La restauration de l’ensemble abbatial terminée, le syndicat mixte, gestionnaire des lieux, réfléchit déjà à sa mise en valeur touristique. Les frères sont aussi engagés dans cette réflexion. Si frère Jean-Théophane comprend bien la nécessité de cette valorisation, il reste vigilant: « Que les lieux soient ouverts à la visite, c’est normal et c’est la loi. Que le syndicat veuille s’assurer un retour sur investissement, normal aussi. Mais il ne faudrait pas que ce lieu fasse la part belle aux seuls marchands du temple. Il ne faut pas faire de ce lieu un lieu d’argent. Nous sommes un ordre mendiant attaché à promouvoir le message de St Robert, fondateur de l’abbaye, charité et pauvreté. Qu’il y ait des visites payantes, d’accord mais nous souhaitons garder aussi la possibilité d’assurer gratuitement nos propres visites guidées ».

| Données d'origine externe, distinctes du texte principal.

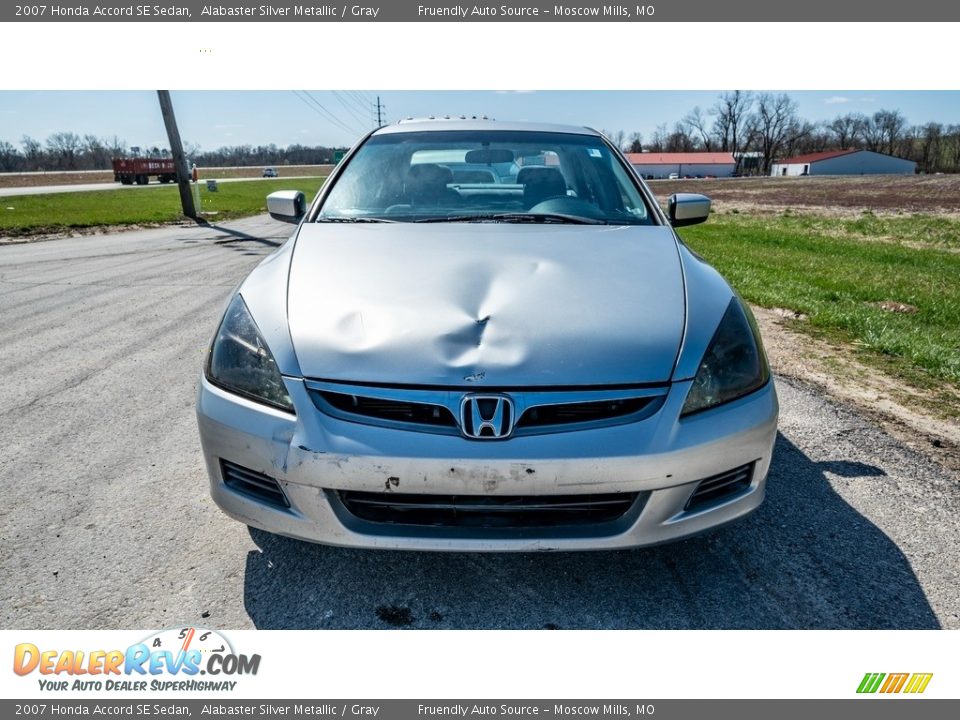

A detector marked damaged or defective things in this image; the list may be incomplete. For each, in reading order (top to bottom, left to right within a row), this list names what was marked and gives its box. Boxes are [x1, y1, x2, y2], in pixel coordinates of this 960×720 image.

dented hood [288, 224, 688, 388]
damaged hood [288, 224, 688, 388]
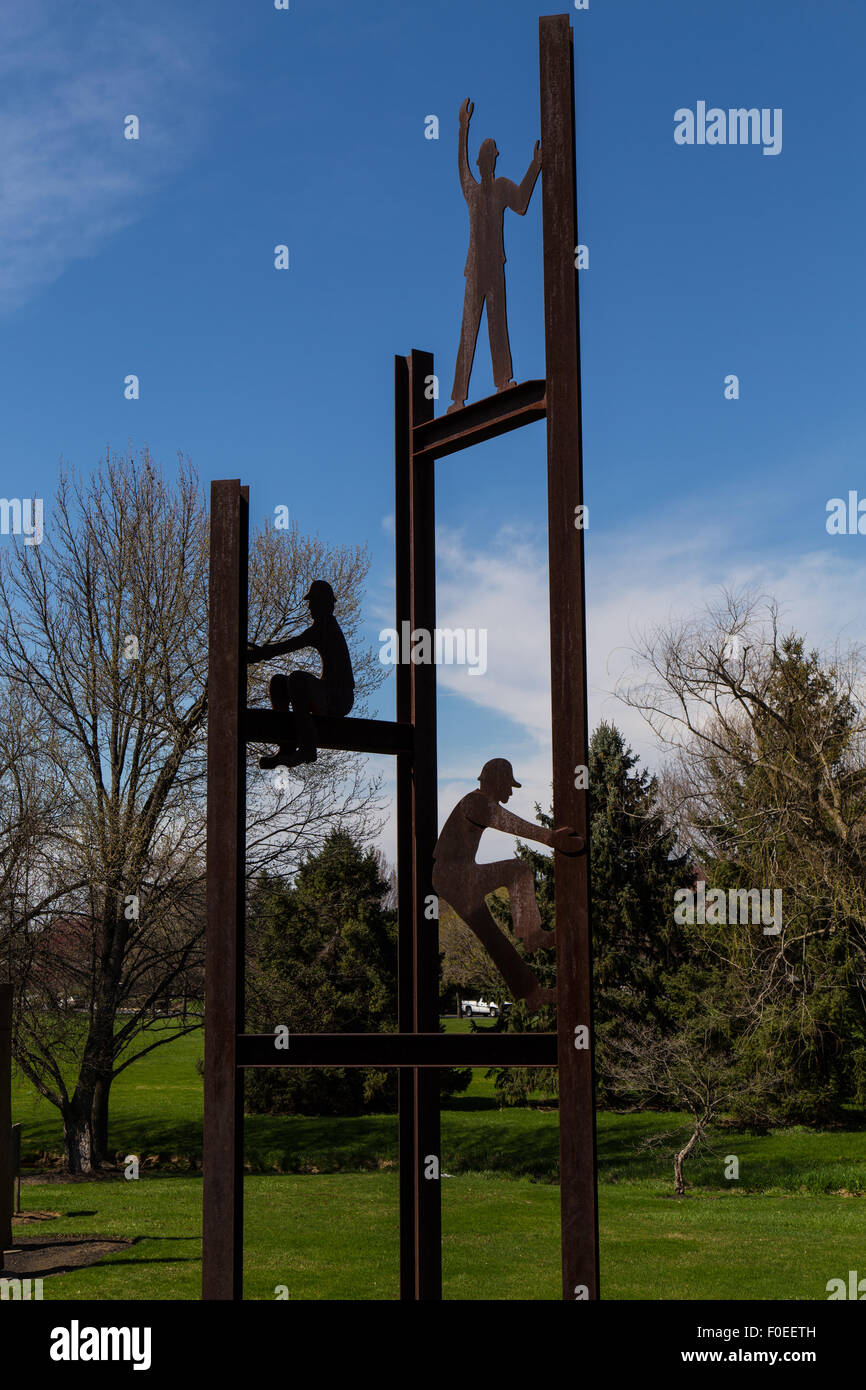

Le diocèse a racheté l’ancien hôtel de la Casadei, au pied des marches de l’abbaye » pour y installer un centre pastoral. Les frères de St Jean vont avec l’association la Casadéenne et les Amis de l’abbatiale assurer la gestion de ce lieu, lieu d’exposition mais aussi d’accueil de jour qui pourrait proposer un hébergement de nuit à des pèlerins ayant une réelle démarche spirituelle. Rien n’est encore définitivement arrêté, une seule chose est sûre: « Pas question de faire de la concurrence aux hébergeurs locaux ».